Karlyle Tomms writes the way Dostoevsky would have written, if that bearded Russian were raised in The Ozarks. By that I mean Karlyle writes with a sensitivity few writers are able to achieve. It is this empathetic awareness that allows him to get descriptive with the scenery and the characters. Karlyle provides insights into life that can only be achieved through subtly observing tiny nuances in human behavior. Through his flowery detail, Karlyle is able to bring 2D characters into the fully round world of your mind as your read his story. Vivid and lucid are two words I’d use to describe Karlyle’s writing style, and together they form joyous literature. Just a random sample shows what I mean: "Her appearance was always perfect with permed hair and classic women’s business attire. Her one vice, I suppose, was her glasses. You never knew what style she might wear, and she had to spend a considerable amount of her income collecting multiple different frames. Each day, she would wear a different pair plopped over her tiny pointed nose and must have owned fifteen or twenty pairs, at least.
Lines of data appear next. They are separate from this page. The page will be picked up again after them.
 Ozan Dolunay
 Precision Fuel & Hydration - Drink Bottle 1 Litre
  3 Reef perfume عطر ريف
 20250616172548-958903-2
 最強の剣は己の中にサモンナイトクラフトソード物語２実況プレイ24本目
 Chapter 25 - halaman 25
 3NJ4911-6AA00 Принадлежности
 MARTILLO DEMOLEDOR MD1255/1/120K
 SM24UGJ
I suppose, if her prescription changed, she just had the lenses changed on her existing frames. On that particular day, she wore a pair of lime-green cat eyes with a faux-pearl embedded in the outer tip on either side. She had an eyeglass chain made of tiny white faux pearls. That’s the other thing. She probably had a larger variety of eyeglass chains than she had glasses.” Lime-green cat eyes? Now THAT is my kind of character! The reader doesn’t need as many glasses as Clara Smith to see that Karlyle is a writer on top of his craft, and if you enjoy colorful characters and settings, you’ll really appreciate this book.

Metal Cross
Su Sherry

The characters, the dialogue, etc. ring true and clear, and portray the flavor of life and the people who live in the back country in Arkansas vividly.

J.D. Covert

Karlyle Tomms understands survivors of childhood trauma. The characters are authentic and the situations real. He doesn’t hold back.

Sylvia

His description of racism/discrimination took on a point of view I’d never considered before.